It’s well documented that predictive policing relies on dirty data sets embedded with the historic overrepresentation of Black and houseless people, thereby redirecting the police to the same geographic sites they’ve always over-policed. What Stop LAPD Spying Coalition and Free Radicals uniquely identified in their Algorithmic Ecology project, was that PredPol was not actually classifying the Skid Row residents as high risk, which is what the traditional argument of dirty data would lead us to believe. Rather than labeling the Skid Row encampments as “hot spots,” PredPol is classifying the perimeters of Skid Row as high risk. In practice, this means that the moment residents tried to move past these otherwise invisible borders, they would encounter higher rates of arrest and police contact. If the LAPD announced a brick-and-mortar wall was to be built as a border around Skid Row, people would riot, right? Academic researchers who primarily rely on privacy rights to critique these technologies eschew the collective or communal harms that resonate with people who are targeted. I worry that residents of Skid Row, abolitionist organizers, and others may disengage from resisting these technologies when it’s rendered unclear how the stakes are much greater than data privacy.
Even if we can understand Black Marxism from Cedric Robinson and are engaged with Bedour around not just rearticulating the same modes of catastrophe, crisis, and linear march through history, we’re still not in the refugee camp. I’m not reifying standpoint epistemology, but literally we don’t have access to everything, even at this moment where massive amounts of content is constantly being produced, right? I’m thinking about this “not knowing” alongside the United Nations High Commissioner for Refugees (UNHCR) Special Rapporteur Philip Alston’s report on Human Rights Violations in the United States in 2017. Examining the coordinated housing entry system in L.A., he emphasized that experimentation with public sector adoption of automated decision systems happens on the most marginalized sections of society before being generalized to the rest of the population. We can trace policies mandating fingerprinting for welfare recipients during the Clinton era to Simone Browne’s seminal book, Dark Matters, explicating the proto-biometrics of the Middle Passage in the ledgers and branding of enslaved Black peoples.

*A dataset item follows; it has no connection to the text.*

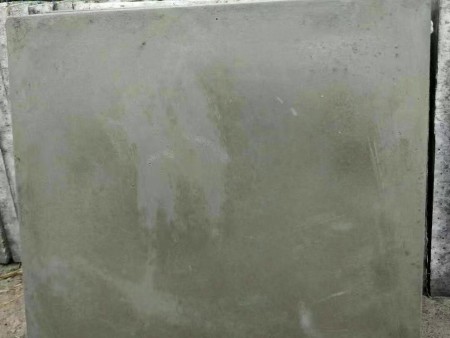 实心方形水泥盖板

So, some of these technologies have been the situation—and at the same time as recognizing that historic lineage or sameness, we have to recognize what’s different in these new forms of surveillance and social control as they are being enacted onto broader swaths of the population.
In tech, to a degree there is a sociopolitical critical analysis, it often coalesces around bias. When you get to geopolicy, the discourse becomes very reliant on statecraft and state terminology because states actually have an analysis of society. They actually have a sense of who different actors are and, in a vacuum of political or theoretical frameworks, state actors are ascending. What stands out to me so much in your work is a rejection of state terminology, particularly as I’m thinking about my family in Oromia in the southern region of Ethiopia and observing how advocates are making moral appeals to the UN or to the US State Department. Human Rights Watch branded a recent report on Eritrean refugees in Tigray with a satellite image from Maxar Technologies. This just stood out to me so much—not that I want to hearken back to the old days of the ’83 famine where they just put starving, nameless black people on the cover—but because this bird’s eye view that renders people into polygons, if they’re even seen at all, and even then it only allows for people to be seen en masse, there is no humanity within it. What does belonging mean in that context? Similar to WhatsApp, many people will justify use of satellite imagery citing it as the sole source of gathering visual evidence during a crisis.
Neither of us is here to defend the ivory tower, but this is why we need black study. And I’m using that term the way Robin D.G. Kelley points us to, as distinct from Black studies. So not Black Studies™ as a hegemonic and ethnonationalist interdisciplinary framework that was heavily funded by the government, by the State, namely through the Ford Foundation from the discipline’s institutionalization in the Sixties. But black study as the deeply invested commitment to black people, black life, black possibility, and freedom dreaming, beyond institutions and in fact under siege by them. Collectively attending to black study would have us asking a very different set of questions, and perhaps being prepared to bring about very different answers.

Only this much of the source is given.